Here are my questions, pondering the idea that storytelling is not going away. I'm not all that well read in contemporary memoir and nonfiction, since I tend to write in three genres and try to read in each of those--I do, however, like to read essays. Feel free to answer while I go have a nice lie-down. Day 9 of the flu is proving a bit tiring.

  • Why is the memoir so "eminent" at the moment? Is it anything to do with the presence of characters and strong story? Is it anything to do with being presented with a character about whom we know much and for whom we come to care?
  • Is it anything to do with lack of alluring characters or story in some contemporary fiction?
  • Stock in Austen and Dickens is high; does that suggest anything about what people miss and seek, or is it simply a compliment to those authors?
  • Likewise, we have had many novels quarrying elements from older novels and retelling another side of an established story. As the Caterpillar inquired, "What do you mean by that? Explain yourself!" (One might answer with Alice's reply, "I can't explain myself, I'm afraid, sir, because I'm not myself....)
  • An awful lot of memoirs have been exposed after publication as lacking in truth in some way--then what's the difference between novel and memoir?
  • When memoir veers into fiction, are we just going straight back to one of the founders of the novel--toDeFoe and the blurry line he established in works like A Journal of the Plague Year and Moll Flanders (written "from her own memorandums")? 
  • Can memoirs avoid being fictional?
  • In other words, are a lot of memoirs really novels?
  • If we are going back to DeFoe in some sense, maybe it's time for the novel to go back to the beginning. Is faux memoir and the return to origins in some way helpful for the rebirth of the novel? Or its transformation?
  • Is some non-fiction partaking so deeply of the novel that "creative nonfiction" becomes just a name for a novel where you didn't make up events?

    1. I'm not sure that the popularity of memoir and "narrative nonfiction" (whatever that really is) plus the lack of interest in fiction among some critics (especially those who write memoir and narrative nonfiction) equals the decline of the novel. It's like how David Shields' failure as a novelist caused him to write Reality Hunger and declare fiction useless.

      Fiction, however, doesn't seem to have read Mr Shields' manifesto. I'm awfully sure that more novels are being published and read today than ever in history. The novel is pretty animate for a corpse.

      I'm not really addressing your questions/comments about memoir; I tend to think that any writing about ourselves is going to be fictionalized, even if only accidentally.

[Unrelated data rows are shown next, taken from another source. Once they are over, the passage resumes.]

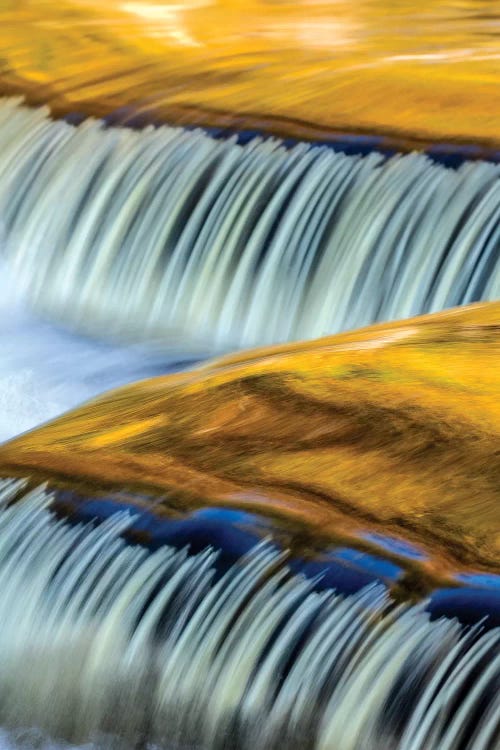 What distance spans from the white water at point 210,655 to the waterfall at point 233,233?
213 cm

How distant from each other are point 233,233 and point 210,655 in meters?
2.75

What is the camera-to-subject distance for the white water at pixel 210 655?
7.38 ft

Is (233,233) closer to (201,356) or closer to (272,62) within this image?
(201,356)

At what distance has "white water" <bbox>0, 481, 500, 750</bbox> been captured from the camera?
2.25 metres

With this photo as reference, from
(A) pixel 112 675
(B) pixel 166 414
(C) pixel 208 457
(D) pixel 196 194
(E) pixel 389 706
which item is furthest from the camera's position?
(D) pixel 196 194

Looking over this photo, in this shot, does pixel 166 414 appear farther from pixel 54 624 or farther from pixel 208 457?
pixel 54 624

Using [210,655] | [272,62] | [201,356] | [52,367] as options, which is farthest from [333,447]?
[272,62]

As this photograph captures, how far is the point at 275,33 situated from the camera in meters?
6.42

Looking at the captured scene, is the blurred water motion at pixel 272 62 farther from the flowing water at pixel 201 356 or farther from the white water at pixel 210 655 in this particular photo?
the white water at pixel 210 655

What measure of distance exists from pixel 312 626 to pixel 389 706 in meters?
0.20

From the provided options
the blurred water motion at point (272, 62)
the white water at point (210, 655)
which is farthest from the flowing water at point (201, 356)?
the blurred water motion at point (272, 62)

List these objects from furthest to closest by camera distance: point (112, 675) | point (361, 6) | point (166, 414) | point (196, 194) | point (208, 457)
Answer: point (361, 6) < point (196, 194) < point (166, 414) < point (208, 457) < point (112, 675)

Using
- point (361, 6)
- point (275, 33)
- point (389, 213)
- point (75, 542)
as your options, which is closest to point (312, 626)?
point (75, 542)

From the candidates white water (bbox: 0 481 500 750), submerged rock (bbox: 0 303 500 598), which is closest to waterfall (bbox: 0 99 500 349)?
submerged rock (bbox: 0 303 500 598) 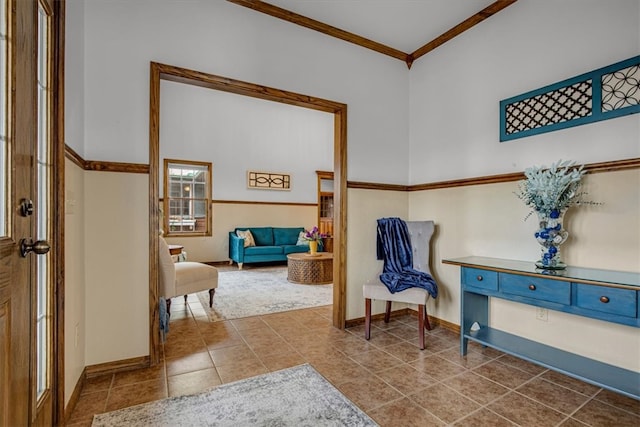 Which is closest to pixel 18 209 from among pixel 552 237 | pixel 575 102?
pixel 552 237

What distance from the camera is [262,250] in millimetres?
6500

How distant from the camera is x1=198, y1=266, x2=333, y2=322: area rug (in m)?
3.66

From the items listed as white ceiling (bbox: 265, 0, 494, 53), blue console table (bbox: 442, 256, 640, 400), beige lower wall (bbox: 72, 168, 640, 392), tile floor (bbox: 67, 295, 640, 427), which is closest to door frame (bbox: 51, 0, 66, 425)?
beige lower wall (bbox: 72, 168, 640, 392)

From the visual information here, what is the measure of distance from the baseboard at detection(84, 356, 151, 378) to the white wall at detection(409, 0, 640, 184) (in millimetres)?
3100

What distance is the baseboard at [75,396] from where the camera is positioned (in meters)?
1.69

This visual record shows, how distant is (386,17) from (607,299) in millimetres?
2820

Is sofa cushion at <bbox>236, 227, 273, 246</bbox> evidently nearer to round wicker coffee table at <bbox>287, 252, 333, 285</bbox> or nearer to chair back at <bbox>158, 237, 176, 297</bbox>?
round wicker coffee table at <bbox>287, 252, 333, 285</bbox>

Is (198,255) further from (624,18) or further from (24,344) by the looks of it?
(624,18)

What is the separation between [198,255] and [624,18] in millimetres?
6907

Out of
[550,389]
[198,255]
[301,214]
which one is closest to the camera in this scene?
[550,389]

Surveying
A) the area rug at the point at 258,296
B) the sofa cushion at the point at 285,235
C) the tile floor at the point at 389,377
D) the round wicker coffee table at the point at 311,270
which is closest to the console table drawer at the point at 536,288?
the tile floor at the point at 389,377

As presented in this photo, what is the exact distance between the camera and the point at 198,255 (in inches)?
263

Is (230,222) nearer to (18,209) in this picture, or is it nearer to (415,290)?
(415,290)

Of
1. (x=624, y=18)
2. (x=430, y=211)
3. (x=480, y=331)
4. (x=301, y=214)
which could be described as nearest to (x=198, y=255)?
(x=301, y=214) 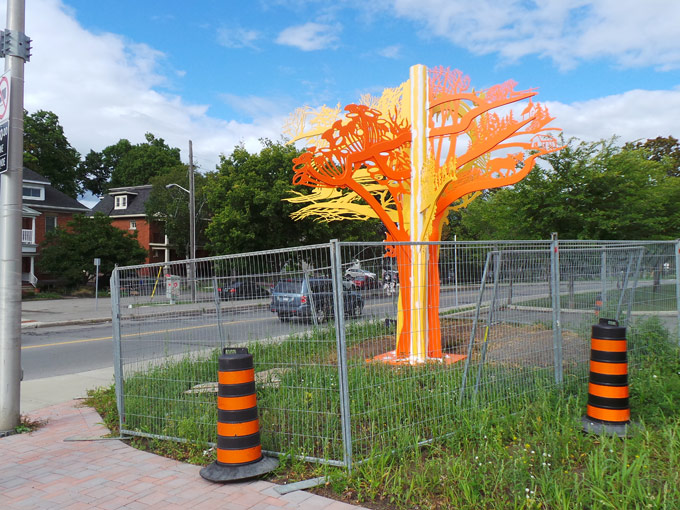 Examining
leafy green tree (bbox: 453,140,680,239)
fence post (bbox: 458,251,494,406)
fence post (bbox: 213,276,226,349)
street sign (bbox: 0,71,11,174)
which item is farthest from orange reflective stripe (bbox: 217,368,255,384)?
leafy green tree (bbox: 453,140,680,239)

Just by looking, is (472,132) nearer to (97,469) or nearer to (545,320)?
(545,320)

    2. Yes, agreed. Eh, what is commonly called "realism" is fairly fantastic.

      Just had another comment else where that "the death of the novel" has been "done to death." Ack!

      Also, I don't have those nonfiction terms straight. Is the choice of the moment "narrative nonfiction" or "creative nonfiction" or what?

    3. There's also "literary journalism." I don't know if all of these terms refer to the same thing, but each--I think!--tries to differentiate itself from the mere journalism of news reportage. I think maybe it means what we used to call "personal essay," though I don't know where the "creativity" bit is aimed. I write novels. You've just published an epic poem. We must both be dead, then.

    4. Hah. I write novels also. Doubly dead!

      If only we could have some "mere" journalism again--the sort of thing I recall from childhood, when the parties weren't at war with each other. Yes, I guess all those are the same. Maybe.

      Shall have to visit and see what you're up to... (Also, I want to know what the "g" and the "f" stand for.)

    5. Gregory Francis. Keep it under your hat.

    6. It is very dark under a hat. Will keep it there.


    Alas, I must once again remind large numbers of Chinese salesmen and other worldwide peddlers that if they fall into the Gulf of Spam, they will be eaten by roaming Balrogs. The rest of you, lovers of grace, poetry, and horses (nod to Yeats--you do not have to be fond of horses), feel free to leave fascinating missives and curious arguments.